En las mañanas de invierno aprovechaba el intervalo de dos horas previo al desayunó para trepar por las colinas en busca de leña acompañada por el resto de mujeres consideradas más débiles. En las colinas apenas crecían árboles, e incluso los matorrales eran escasos y aparecían desperdigados. A menudo teníamos que recorrer largos trayectos. Asiendo las plantas con la mano libre, cortábamos las ramas con una hoz. Los arbustos se hallaban erizados de espinas, varias de las cuales se las arreglaban invariablemente para incrustarse en mi palma y mi muñeca izquierdas.
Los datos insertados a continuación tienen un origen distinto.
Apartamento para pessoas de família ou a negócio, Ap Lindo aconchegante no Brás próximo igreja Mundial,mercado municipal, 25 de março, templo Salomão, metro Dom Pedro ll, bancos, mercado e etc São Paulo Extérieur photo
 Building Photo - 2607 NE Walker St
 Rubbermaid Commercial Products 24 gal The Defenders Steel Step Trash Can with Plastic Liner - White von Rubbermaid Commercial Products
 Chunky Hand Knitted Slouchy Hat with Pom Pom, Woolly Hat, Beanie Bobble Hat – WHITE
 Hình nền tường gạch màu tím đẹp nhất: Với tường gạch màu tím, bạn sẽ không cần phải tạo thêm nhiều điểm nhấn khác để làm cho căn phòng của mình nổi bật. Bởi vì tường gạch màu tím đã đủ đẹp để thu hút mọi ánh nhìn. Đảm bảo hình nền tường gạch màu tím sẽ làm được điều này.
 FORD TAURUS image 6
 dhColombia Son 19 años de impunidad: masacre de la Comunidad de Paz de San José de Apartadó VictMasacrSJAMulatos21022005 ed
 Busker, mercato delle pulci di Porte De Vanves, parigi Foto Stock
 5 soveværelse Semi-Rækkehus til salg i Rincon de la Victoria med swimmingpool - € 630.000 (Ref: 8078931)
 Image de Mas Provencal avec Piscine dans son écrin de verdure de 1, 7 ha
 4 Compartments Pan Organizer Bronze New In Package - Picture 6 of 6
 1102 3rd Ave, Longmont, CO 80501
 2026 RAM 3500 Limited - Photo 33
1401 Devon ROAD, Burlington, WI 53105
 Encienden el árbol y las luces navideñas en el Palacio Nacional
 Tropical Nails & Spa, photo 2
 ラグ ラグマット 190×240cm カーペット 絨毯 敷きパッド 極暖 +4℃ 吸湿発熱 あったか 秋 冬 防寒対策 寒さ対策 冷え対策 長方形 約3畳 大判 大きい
Al principio, solía emplear largo rato en intentar extraerlas, hasta que por fin me acostumbré a esperar que salieran por sí mismas al ceder la hinchazón que ocasionaban.

Recogíamos lo que los campesinos llaman «combustible de plumas», aunque su incineración resultaba prácticamente inútil, ya que ardían instantáneamente. En cierta ocasión en que mencioné la mala fortuna de no contar con árboles como es debido, las mujeres que estaban conmigo me revelaron que no siempre había sido así. Antes del Gran Salto Adelante, dijeron, aquellas colinas habían estado cubiertas de pinos, eucaliptos y cipreses, pero todos habían sido cortados para alimentar los hornos de patio en los que se producía el acero. Me lo contaron con tono apacible, sin mostrar amargura alguna, como si no constituyera el origen de su batalla cotidiana en busca de combustible. Parecían considerarlo como una calamidad más que la vida había arrojado sobre ellas. Yo, sin embargo, me sentí conmocionada al comprobar por primera vez y con mis propios ojos las catastróficas consecuencias del Gran Salto Adelante, episodio que me había sido relatado como un «glorioso éxito».